Au point de vue littéraire, la période qui suit est vouée essentiellement à l’activité critique, notamment dans La revue générale, dont Linze est l’un des collaborateurs les plus réguliers. Devenu directeur de la publicité d’une importante société industrielle, il laisse passer treize ans avant de publier un nouveau roman, au moment précis où il reçoit le prix Belgique-Canada : Au nord d’ailleurs (1982). Fin 1986, il cesse toute activité professionnelle, entre l’année suivante à l’Académie royale de langue et de littérature françaises. Désormais, il se consacre à la traduction, à la poésie (Terre ouverte), à la critique littéraire toujours, mais aussi à l’écriture romanesque : Le moment d’inertie, La trinité Harmelin.

Pianiste de jazz, poète, membre de nombreux jurys et associations littéraires dont le Groupe du roman, auteur dramatique, conférencier, essayiste, journaliste, professeur de publicité, c’est sans doute comme romancier que Jacques-Gérard Linze s’est le mieux affirmé créateur original. Par son écriture un peu sèche, parfois presque ingrate, flirtant avec le discontinu. Par son imaginaire, et spécialement le rôle nodal donné aux paysages urbains ou naturels, facteurs narratifs à part entière plutôt que simples décors. Par le recours constant aux dialogues rapportés, comme si l’essentiel de la vie tenait moins aux actes et aux comportements qu’à la parole qui les accompagne, les commente, les devance.

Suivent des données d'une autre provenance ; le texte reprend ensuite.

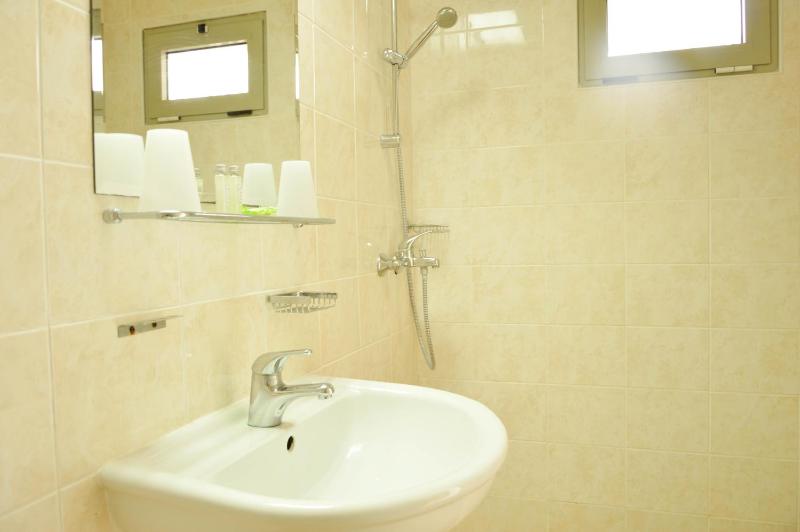 Double or Twin Room with Sea View image 3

Il y a donc un ton romanesque proprement linzien, cocktail de scepticisme, de sobriété, de mélancolie légère, d’indécision. Il y a surtout un motif central, obsédant, qui plus encore que les traits précités donne à cet univers sa cohérence : la mort violente. « Cimetière ou parc ou chambre, suicide ou crime ou accident, le lieu de naissance et la naissance même du récit, c’est la mort […] En prenant la mort pour emblème, en la posant littéralement à la clé, en jouant avec l’empêchement et l’impossible que la mort impose, l’écrivain ne veut pas se donner la facilité d’un thématisme funèbre, il désigne plutôt par là l’empêchement de parler qui fait l’acte même de parler » (L. janvier, préface de La fabulation).